A Pillar of Iron: A Novel of Ancient Rome
“You are no woodsman,” she said in her sweet and penetrating voice, “or you should have found me at once.” She threw another piece of bark down on him, gleefully, then like Quintus she called, “Catch me!”
Marcus did not pause to consider it unseemly that a betrothed girl should behave like a boy. He was up on the first branch before he realized it. The girl bounded higher above him and his face became hot at the sight of suddenly revealed and beautifully formed smooth young calves and thighs. She seemed to climb without effort, without tearing her clothing, without uttering irritable noises at any scraping of rough twig or branch. Then she was easily at the top of the tree, swinging lightly.
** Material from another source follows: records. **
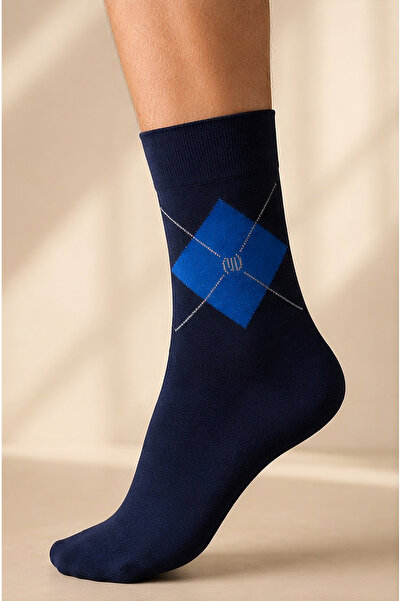 Mısırlı Organic Cotton Diamond Patterned Men's Socks Navy Blue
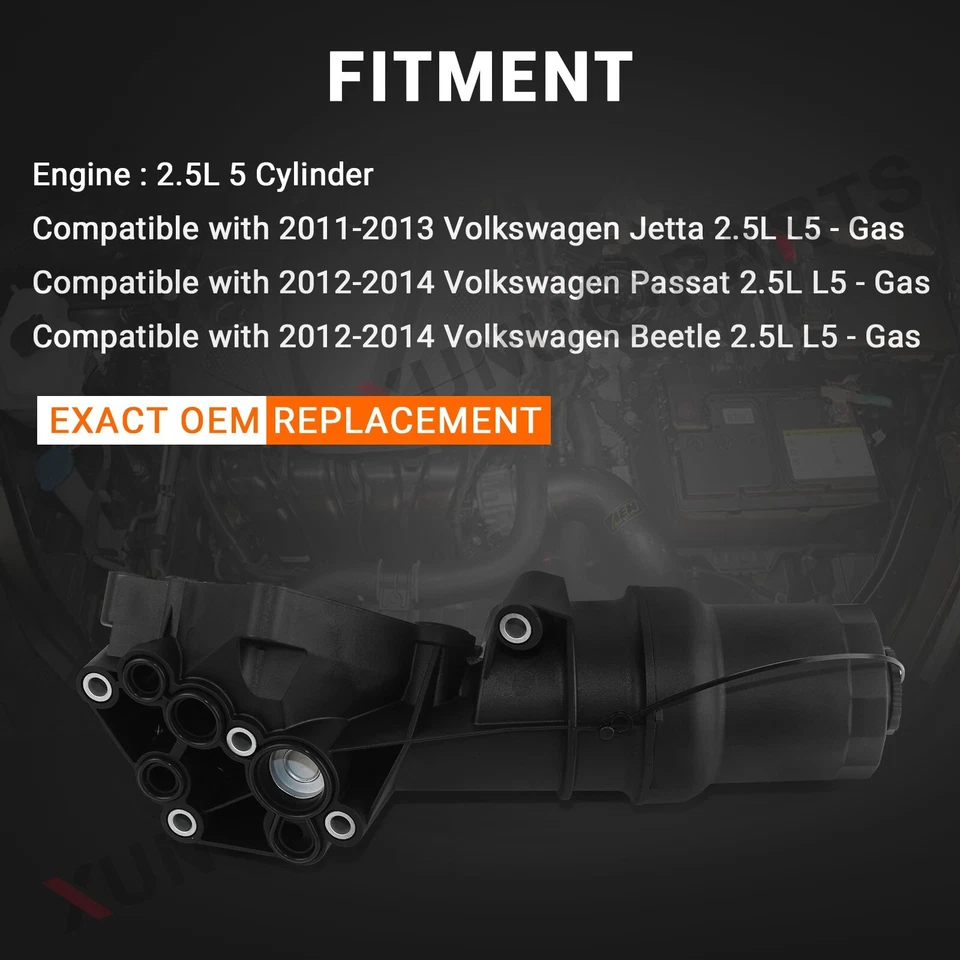 Carcasa de filtro de aceite de motor para VW Passat Beetle 2012-2014 2,5 L 07K115397E Foto 3 de 4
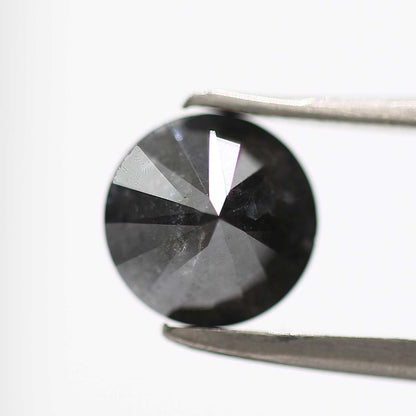 1.52 Carat Fancy Black Round Brilliant Cut Natural Loose Diamond For Ring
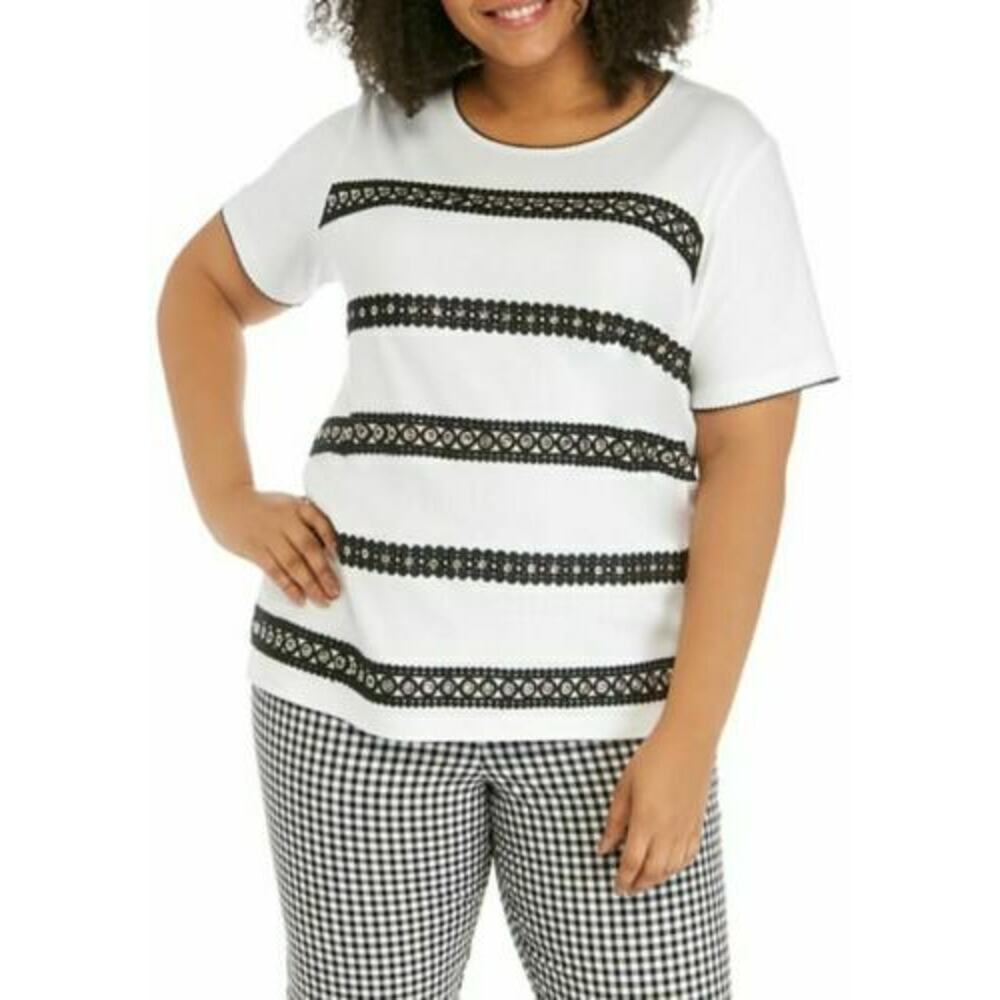 Alfred Dunner Women's Grommet and Lace Knit Round Neck Top White Size L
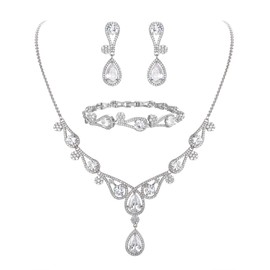 Ever Faith Women's CZ Wedding Y Shape Flower Teardrop Necklace Earrings Bracelet Set Clear Silver-Tone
She did not look down at the climbing youth. She looked, from her perch, at some distant scene and began to sing in soft voice, some weird, hardly heard melody. Marcus paused halfway to gaze up at her, full of wonder. Never had he met such a strange and delightful creature, untouchable, removed, full of fantasy. She gave the aspect of one alone, unaware of man, clothed in secrets, immortal. The high light flashed on her uplifted face and in her wildly blue eyes, and Marcus, for an instant, was conscious of a little fear. Her veil, freed at that height from restraining foliage, lifted and’ blew in the wind, concealing her features one second, like a nymph in moonlight, revealing them the next. Her hair was a glow of fire on her shoulders and breast and back. She swung and sang, detached from the earth, in an aloneness that defied the youth, or separated him from her.
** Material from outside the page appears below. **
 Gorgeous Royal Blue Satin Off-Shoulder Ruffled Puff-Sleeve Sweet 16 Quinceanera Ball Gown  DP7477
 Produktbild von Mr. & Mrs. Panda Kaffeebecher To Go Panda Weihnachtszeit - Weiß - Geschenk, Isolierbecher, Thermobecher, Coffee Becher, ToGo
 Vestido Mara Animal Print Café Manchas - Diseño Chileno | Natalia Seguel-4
Then she glanced down at him and her face changed again, became solemn, almost cold.
“It is dangerous,” said Marcus. “For a girl.”
She regarded him musingly as if he spoke in a language she did not know, as one listens to the conversation of creatures not of one’s kind.
“Shall I help you down?” he asked, afraid of her remoteness.
She did not answer. Without visible effort she stepped down through the branches, balancing gracefully, descending without sound, never once slipping or clutching. She passed him and did not look at him. She fell to the ground from the last branch as lightly as a falling leaf. Then, her head drooping a little, she stood as if waiting, and Marcus, climbing down, wondered if she waited for him or for some voice he would never hear, or some call beyond his ears.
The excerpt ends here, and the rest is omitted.